## [Your assignment]
Pictures aside, return every line below exactly as written.

## [Captioned web image data]

---*---

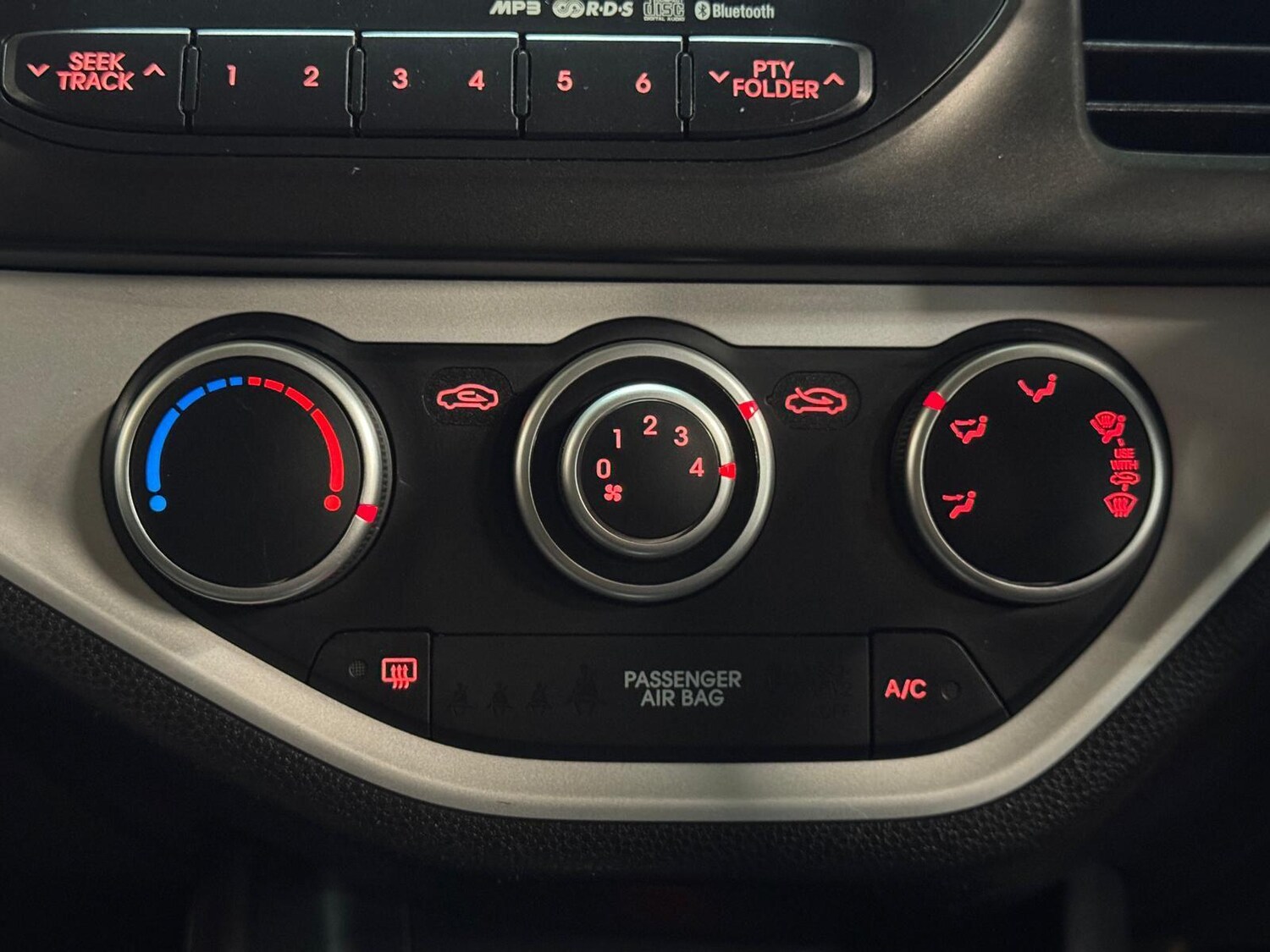 Used Kia Picanto 2014 for sale - 76689352: Photo 33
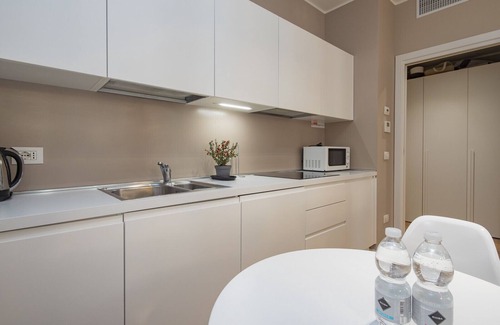 Guastalla Apartment | Freguglia G - Large studio suite close to Duomo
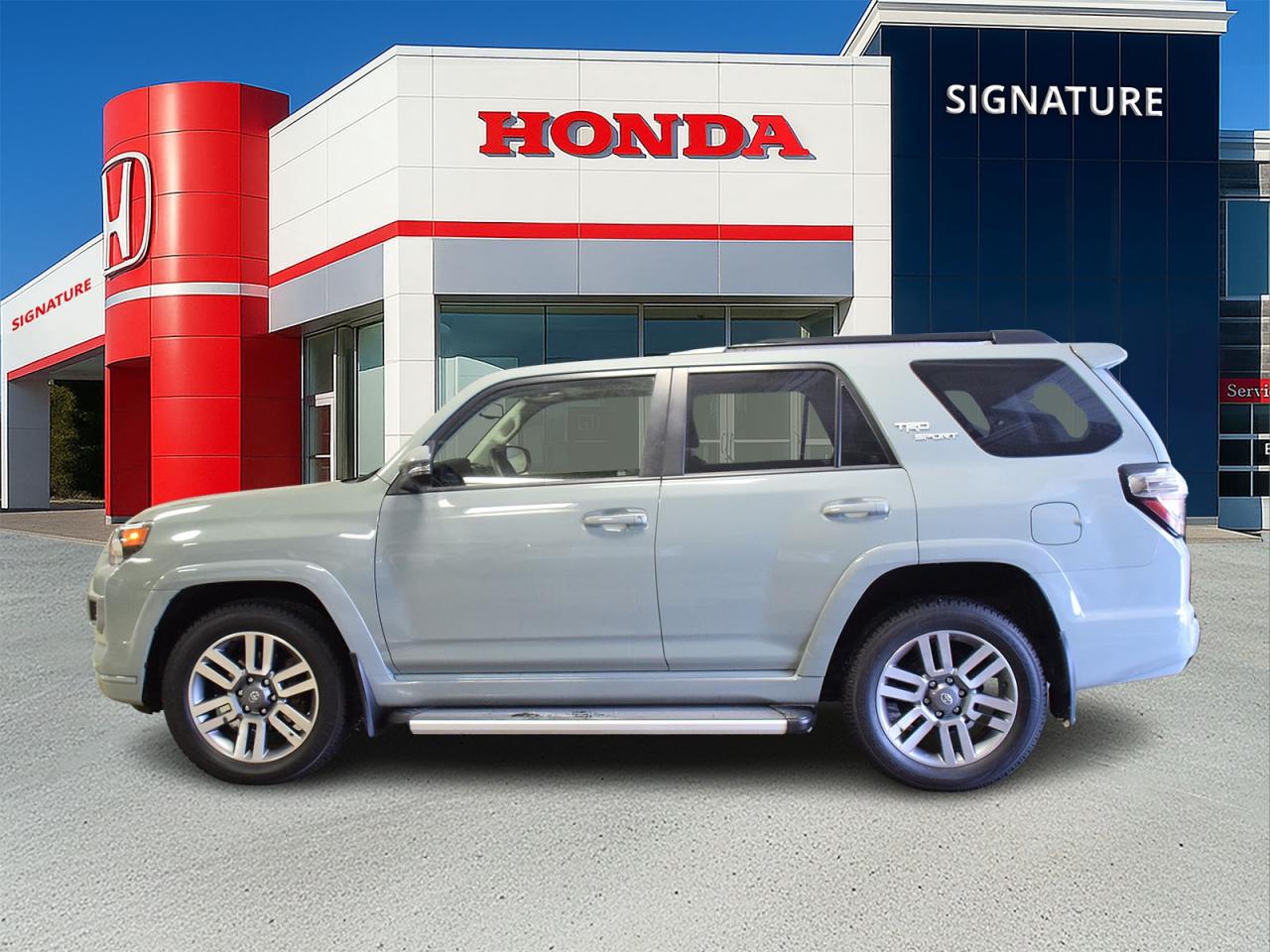 2022 Toyota 4Runner TRD Sport Photo2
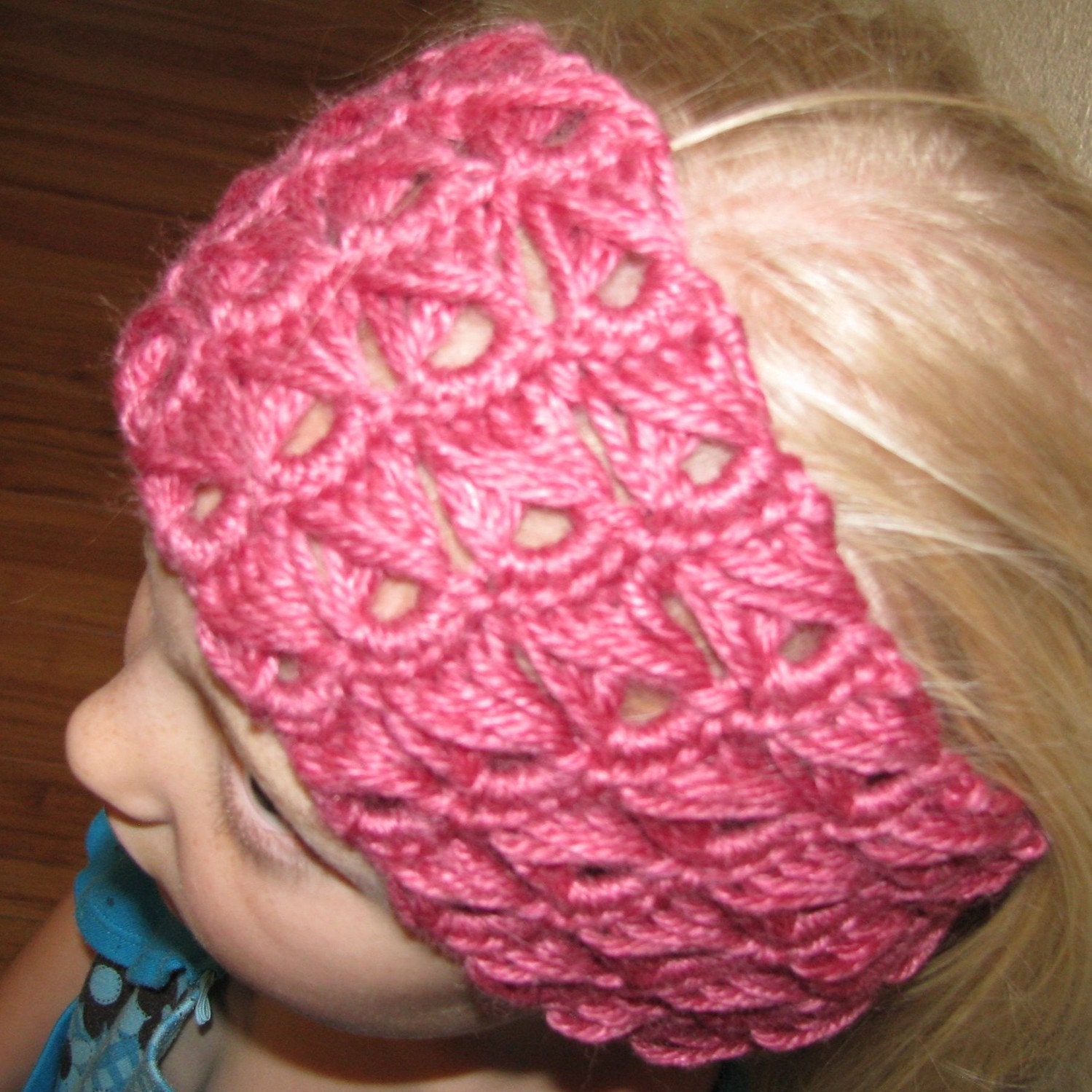 Peacock stitch rose crocheted adjustable headband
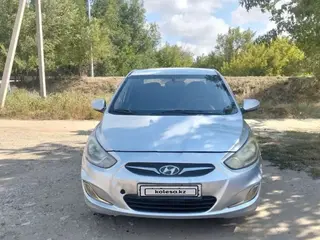 Hyundai Accent, 2013
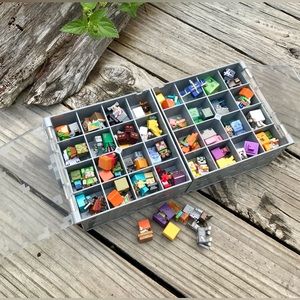 70 Pc MINECRAFT Minifigures Cave Collectible Display Play & Carry Case Cave Box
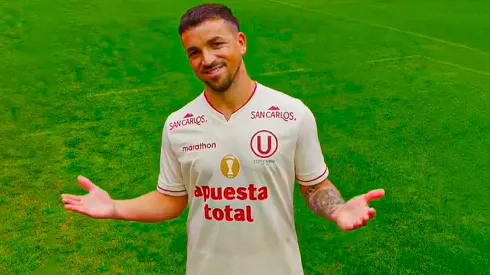 Gabriel Costa posando con la camiseta de Universitario.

---*---

## [Answer below]
 Used Kia Picanto 2014 for sale - 76689352: Photo 33
 Guastalla Apartment | Freguglia G - Large studio suite close to Duomo
 2022 Toyota 4Runner TRD Sport Photo2
 Peacock stitch rose crocheted adjustable headband
 Hyundai Accent, 2013
 70 Pc MINECRAFT Minifigures Cave Collectible Display Play & Carry Case Cave Box
 Gabriel Costa posando con la camiseta de Universitario.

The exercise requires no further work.